▶ Your task
Copy the lines below, beginning with the one that contains "Image of field" and continuing through the final line, exactly as written and with no other lines.
** Extracted information follows **
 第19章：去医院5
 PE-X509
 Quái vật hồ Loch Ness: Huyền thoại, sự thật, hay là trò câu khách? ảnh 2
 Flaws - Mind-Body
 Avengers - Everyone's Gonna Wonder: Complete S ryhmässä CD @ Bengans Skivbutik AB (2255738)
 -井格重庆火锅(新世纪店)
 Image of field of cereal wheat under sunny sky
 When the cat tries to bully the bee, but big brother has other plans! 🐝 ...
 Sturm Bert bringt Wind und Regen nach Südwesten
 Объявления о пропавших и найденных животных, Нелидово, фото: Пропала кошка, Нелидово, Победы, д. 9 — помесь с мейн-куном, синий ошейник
** End of Extracted information **
▶ Response to the exercise
 Image of field of cereal wheat under sunny sky
 When the cat tries to bully the bee, but big brother has other plans! 🐝 ...
 Sturm Bert bringt Wind und Regen nach Südwesten
 Объявления о пропавших и найденных животных, Нелидово, фото: Пропала кошка, Нелидово, Победы, д. 9 — помесь с мейн-куном, синий ошейник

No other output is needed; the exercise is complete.